In the records below, find the line that contains "Notka aukcyjna: SUZUKI", then write out that line and each one after it exactly, up to and including the last.

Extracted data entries

+++++

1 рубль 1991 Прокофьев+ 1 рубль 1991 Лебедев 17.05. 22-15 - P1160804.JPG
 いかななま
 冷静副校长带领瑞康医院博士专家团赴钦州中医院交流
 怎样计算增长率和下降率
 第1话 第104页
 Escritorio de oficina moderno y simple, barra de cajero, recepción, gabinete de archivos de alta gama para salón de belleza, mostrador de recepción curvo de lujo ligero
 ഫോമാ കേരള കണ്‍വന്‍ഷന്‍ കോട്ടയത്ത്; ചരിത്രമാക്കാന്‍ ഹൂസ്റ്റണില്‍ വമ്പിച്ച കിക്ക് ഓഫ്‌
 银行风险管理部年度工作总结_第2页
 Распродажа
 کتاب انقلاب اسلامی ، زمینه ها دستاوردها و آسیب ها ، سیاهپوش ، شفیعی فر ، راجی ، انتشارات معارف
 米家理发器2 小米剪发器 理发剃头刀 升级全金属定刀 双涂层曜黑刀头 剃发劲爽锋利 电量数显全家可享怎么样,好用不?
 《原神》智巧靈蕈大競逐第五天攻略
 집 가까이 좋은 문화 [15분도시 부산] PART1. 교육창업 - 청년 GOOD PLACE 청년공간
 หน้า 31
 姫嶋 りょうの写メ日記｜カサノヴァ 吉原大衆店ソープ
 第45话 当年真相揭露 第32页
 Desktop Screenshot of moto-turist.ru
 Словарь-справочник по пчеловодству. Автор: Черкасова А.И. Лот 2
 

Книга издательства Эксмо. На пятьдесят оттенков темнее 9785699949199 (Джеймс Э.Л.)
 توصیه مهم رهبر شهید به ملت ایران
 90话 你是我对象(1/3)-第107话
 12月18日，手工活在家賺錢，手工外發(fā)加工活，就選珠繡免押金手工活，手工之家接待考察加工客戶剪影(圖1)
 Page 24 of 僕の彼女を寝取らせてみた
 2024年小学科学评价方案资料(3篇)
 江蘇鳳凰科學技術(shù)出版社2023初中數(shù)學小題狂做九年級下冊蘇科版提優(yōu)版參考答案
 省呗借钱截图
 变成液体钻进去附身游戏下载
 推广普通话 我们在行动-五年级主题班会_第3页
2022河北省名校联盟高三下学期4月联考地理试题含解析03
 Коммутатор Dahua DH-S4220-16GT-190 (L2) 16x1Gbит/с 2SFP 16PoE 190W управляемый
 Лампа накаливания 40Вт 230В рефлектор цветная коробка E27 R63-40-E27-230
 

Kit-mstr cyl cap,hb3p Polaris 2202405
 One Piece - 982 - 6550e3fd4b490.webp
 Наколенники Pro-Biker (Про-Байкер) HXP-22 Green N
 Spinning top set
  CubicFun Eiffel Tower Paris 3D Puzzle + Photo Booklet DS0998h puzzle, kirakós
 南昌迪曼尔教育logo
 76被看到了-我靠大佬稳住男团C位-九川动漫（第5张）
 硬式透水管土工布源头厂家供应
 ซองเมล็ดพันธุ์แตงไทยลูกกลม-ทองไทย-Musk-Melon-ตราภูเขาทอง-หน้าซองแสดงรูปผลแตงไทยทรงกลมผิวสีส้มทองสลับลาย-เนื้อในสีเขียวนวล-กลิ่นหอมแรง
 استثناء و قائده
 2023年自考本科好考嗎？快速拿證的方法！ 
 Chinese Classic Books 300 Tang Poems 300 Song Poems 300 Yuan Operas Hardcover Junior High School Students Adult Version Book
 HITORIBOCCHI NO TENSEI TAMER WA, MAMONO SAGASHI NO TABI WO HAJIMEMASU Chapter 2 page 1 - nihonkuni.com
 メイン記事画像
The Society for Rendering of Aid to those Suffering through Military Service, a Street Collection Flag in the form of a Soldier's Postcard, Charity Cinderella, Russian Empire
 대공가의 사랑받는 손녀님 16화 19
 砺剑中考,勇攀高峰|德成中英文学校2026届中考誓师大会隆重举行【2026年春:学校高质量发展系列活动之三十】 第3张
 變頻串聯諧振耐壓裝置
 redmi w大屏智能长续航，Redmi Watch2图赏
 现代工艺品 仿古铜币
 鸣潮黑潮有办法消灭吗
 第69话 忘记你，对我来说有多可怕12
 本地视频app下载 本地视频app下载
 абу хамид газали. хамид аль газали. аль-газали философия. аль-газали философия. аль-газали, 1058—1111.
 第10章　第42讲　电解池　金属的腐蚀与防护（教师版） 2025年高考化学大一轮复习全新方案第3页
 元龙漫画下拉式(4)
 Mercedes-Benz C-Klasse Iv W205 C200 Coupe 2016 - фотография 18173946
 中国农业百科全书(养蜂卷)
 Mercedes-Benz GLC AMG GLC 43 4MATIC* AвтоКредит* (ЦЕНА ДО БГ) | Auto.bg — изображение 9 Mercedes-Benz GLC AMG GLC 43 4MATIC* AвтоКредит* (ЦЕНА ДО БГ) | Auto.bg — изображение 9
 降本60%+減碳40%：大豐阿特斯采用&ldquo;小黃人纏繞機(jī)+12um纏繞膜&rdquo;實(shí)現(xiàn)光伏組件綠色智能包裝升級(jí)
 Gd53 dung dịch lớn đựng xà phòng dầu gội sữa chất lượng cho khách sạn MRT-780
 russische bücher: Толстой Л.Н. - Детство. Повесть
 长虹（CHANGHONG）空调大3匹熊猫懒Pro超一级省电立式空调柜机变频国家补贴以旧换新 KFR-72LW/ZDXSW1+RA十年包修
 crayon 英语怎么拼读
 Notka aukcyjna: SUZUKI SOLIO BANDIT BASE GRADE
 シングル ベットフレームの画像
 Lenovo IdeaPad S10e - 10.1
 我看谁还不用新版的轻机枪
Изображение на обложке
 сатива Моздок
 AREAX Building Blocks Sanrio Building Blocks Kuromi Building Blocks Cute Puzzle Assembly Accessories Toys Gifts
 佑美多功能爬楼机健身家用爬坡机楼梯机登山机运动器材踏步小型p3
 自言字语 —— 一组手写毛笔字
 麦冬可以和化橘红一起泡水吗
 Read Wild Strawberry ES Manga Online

+++++

Solution to the exercise:
 Notka aukcyjna: SUZUKI SOLIO BANDIT BASE GRADE
 シングル ベットフレームの画像
 Lenovo IdeaPad S10e - 10.1
 我看谁还不用新版的轻机枪
Изображение на обложке
 сатива Моздок
 AREAX Building Blocks Sanrio Building Blocks Kuromi Building Blocks Cute Puzzle Assembly Accessories Toys Gifts
 佑美多功能爬楼机健身家用爬坡机楼梯机登山机运动器材踏步小型p3
 自言字语 —— 一组手写毛笔字
 麦冬可以和化橘红一起泡水吗
 Read Wild Strawberry ES Manga Online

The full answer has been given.